Students using public transport as their main mode of commuting had to either miss their classes or seek other options to get to the KPU campuses in Surrey, Richmond, or Langley.

“It was absolutely horrible. I had to miss school that day because there was no way I could come,” says KPU student Anita Ehirim, who had her classes in Surrey on the day of the strike.

“I live in White Rock. So, I have to take one bus from where I live to White Rock Centre, and then I take the 321 [bus], which [goes] to Surrey Central, and then I stop at Newton, and from Newton to [the Surrey campus].”

Prices on ride-hailing apps like Uber and Lyft surged during those days due to demand with some increasing up to five times, says KPU student Sehleen Kaur. 

“I live in Surrey and work in Guilford. So, usually for Uber it’s $10 from my home to Guilford, but on that day, it was $50,” Kaur says. 

Uber sent an email to customers on Jan. 22 stating that they capped surge pricing and offered “incentives” to encourage more drivers on the road. 

Kirandeep Kaur Chatha, another KPU student, says her instructor provided notes for those who missed the class, but she has concerns about doing well on her assignment. 

“We have the notes, but the type of teaching you get in-person … you can’t get by sitting at home and having the notes,” Kaur Chatha says.

“I feel like I missed that class and … when I’ll do the assignment, [the] concepts will not be clear [to me].” 

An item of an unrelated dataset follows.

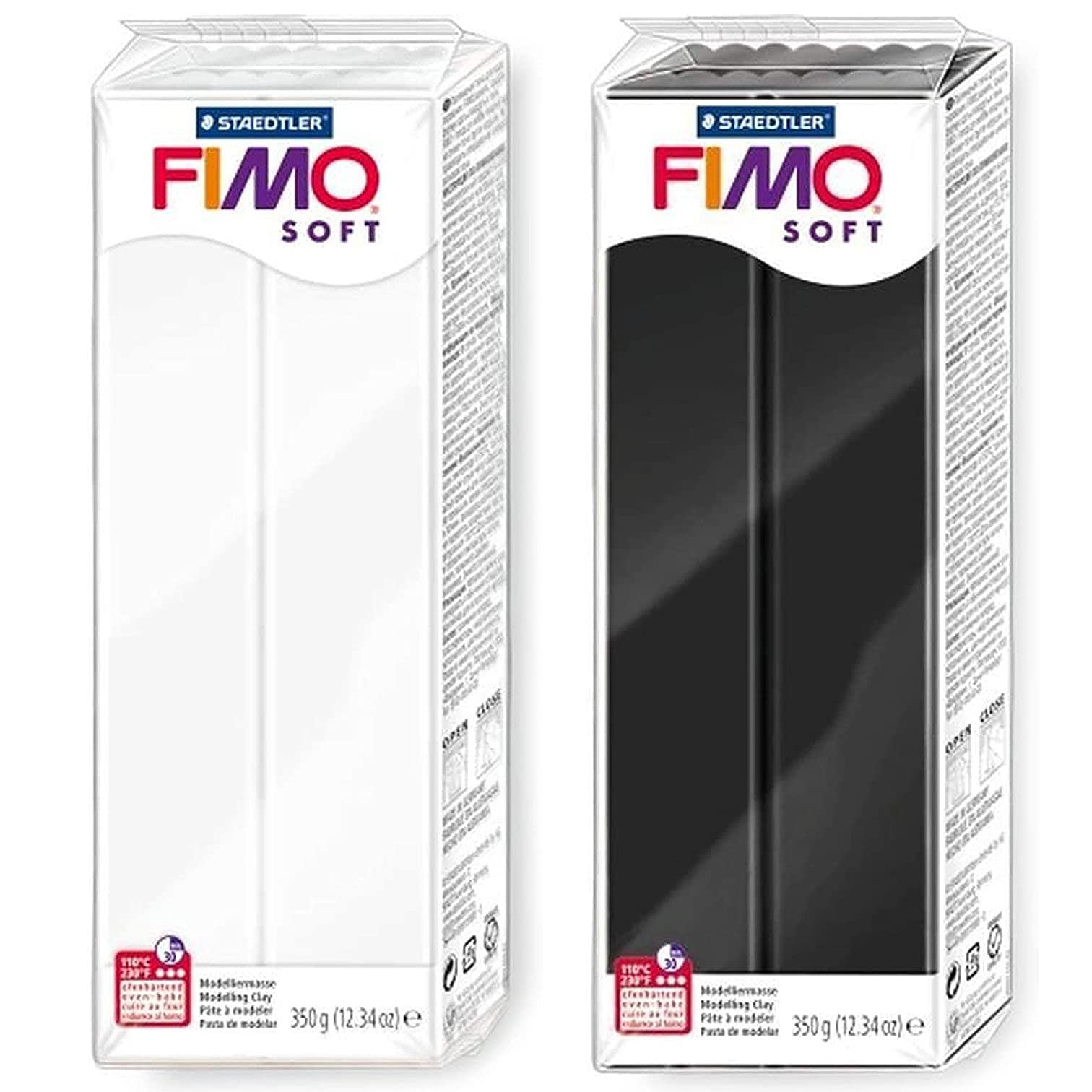 FIMMO Soft 454g Polymer Modelling Clay - Oven Bake Clay - Black and White Set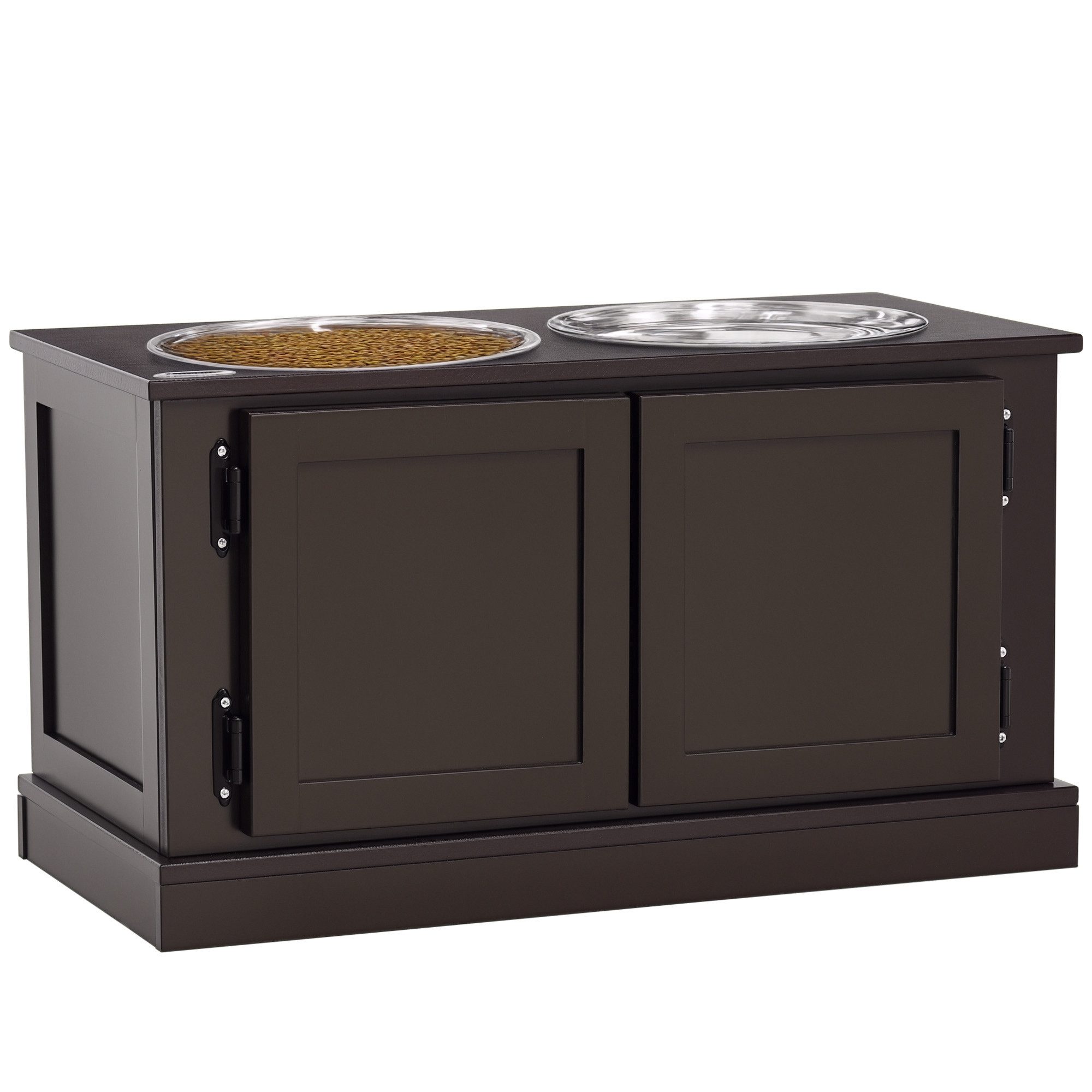 PawHut Futternapf Erhöhtes Futterstation mit 2 Edelstahlschüsseln, Edelstahl, Kaffee 60 x 30 x 34 cm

Fulfilling daily tasks was also challenging for KPU student Emma Elliott. She usually spends a couple of hours studying in the library after classes, but this time, Elliott had to go home immediately.

The Coast Mountain Bus Company (CMBC)’s employees started job action on Jan. 6 with an overtime ban. They escalated the strike by withdrawing all services at 3:00 am on Jan. 22 for 48 hours.

The main issue was to ensure wages of CMBC employees are in line with those of other TransLink workers. CMBC’s employees started job action on Jan. 6 with an overtime ban. They escalated the strike by withdrawing all services at 3:00 am on Jan. 22 for 48 hours.

CMBC and CUPE4500 have accepted recommendations from a meditator, which will avert the proposed 72-hour strike that was set to take place tomorrow. 

Those in control of public transit should have done something to make sure people who rely on their services would not be affected, Elliott says.

“My sister works for Compass, so I hear about it all the time,” Elliot says.  “I understand why they’re doing it, but I just wish it could have been organized or planned better to have some kind of backup plan for what was happening. A lot of people were out of luck on Monday and Tuesday.”